Activity — Only the lines from the beginning of the data through the one with "pouring milk over the muesli." belong in the answer, each retyped exactly, with pictures left out.

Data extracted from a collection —

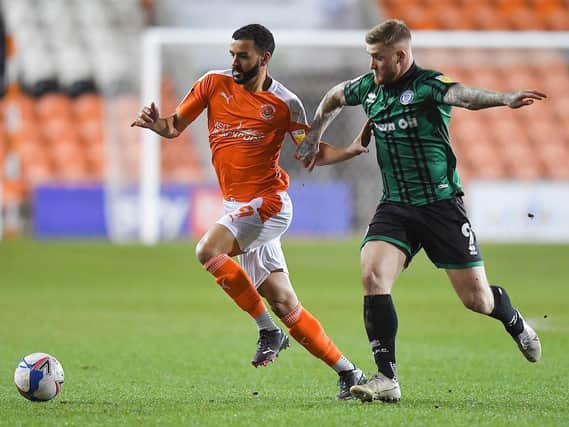 Kevin Stewart battles for possession during Blackpool's 1-0 win
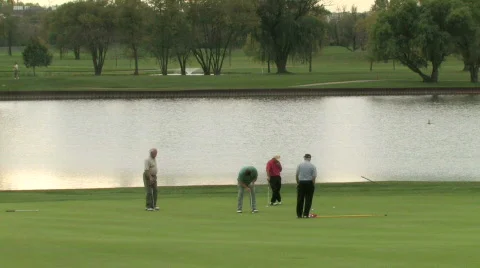 Golfer Making Putt Stock Footage 279531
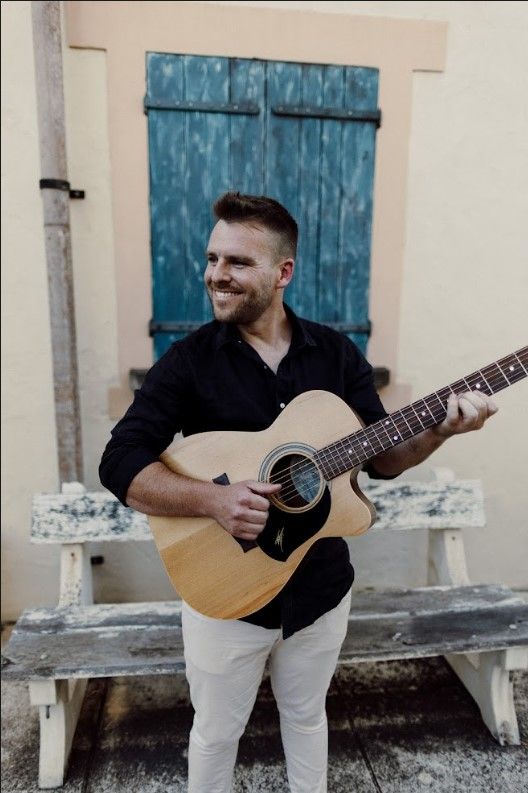 Mully, acoustic guitar and singer solo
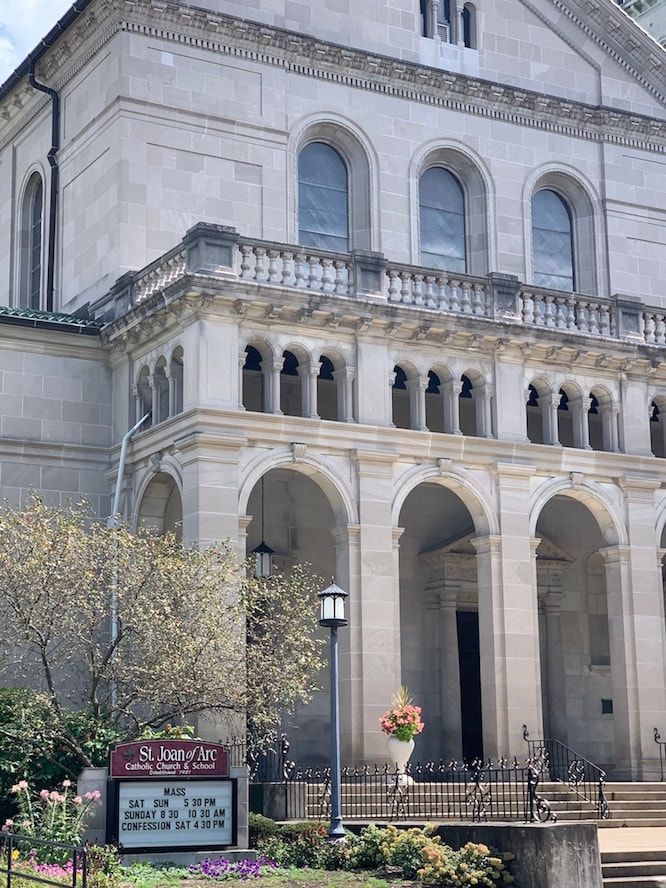 A large stone building with arches and a sign in front of it.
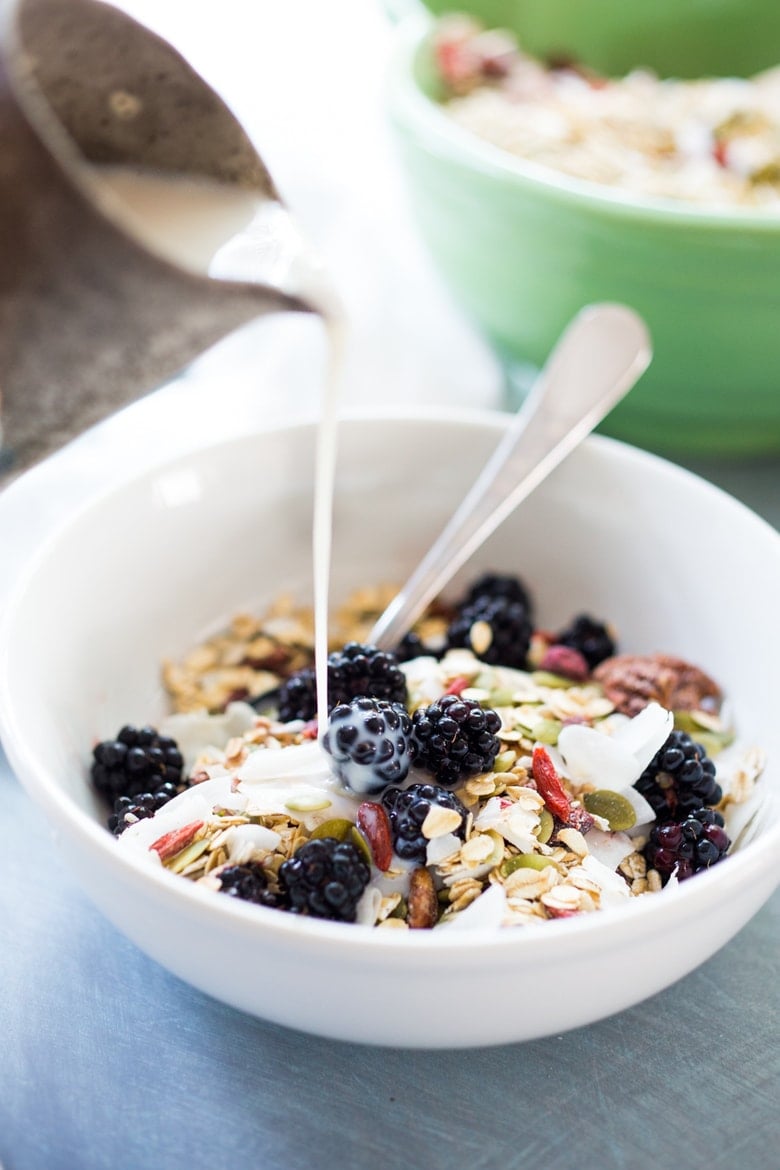 pouring milk over the muesli.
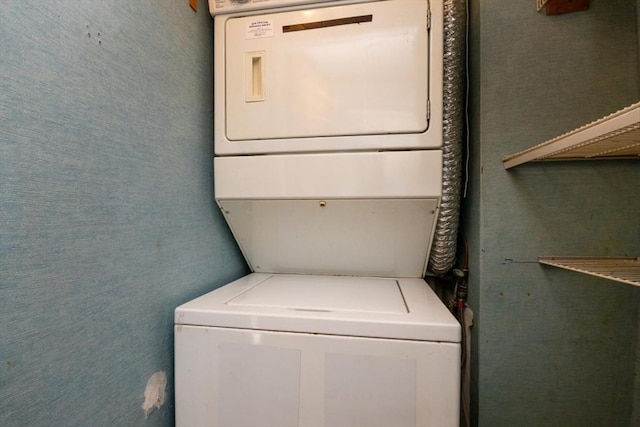 laundry area featuring laundry area and stacked washer / drying machine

Response to this task —
 Kevin Stewart battles for possession during Blackpool's 1-0 win
 Golfer Making Putt Stock Footage 279531
 Mully, acoustic guitar and singer solo
 A large stone building with arches and a sign in front of it.
 pouring milk over the muesli.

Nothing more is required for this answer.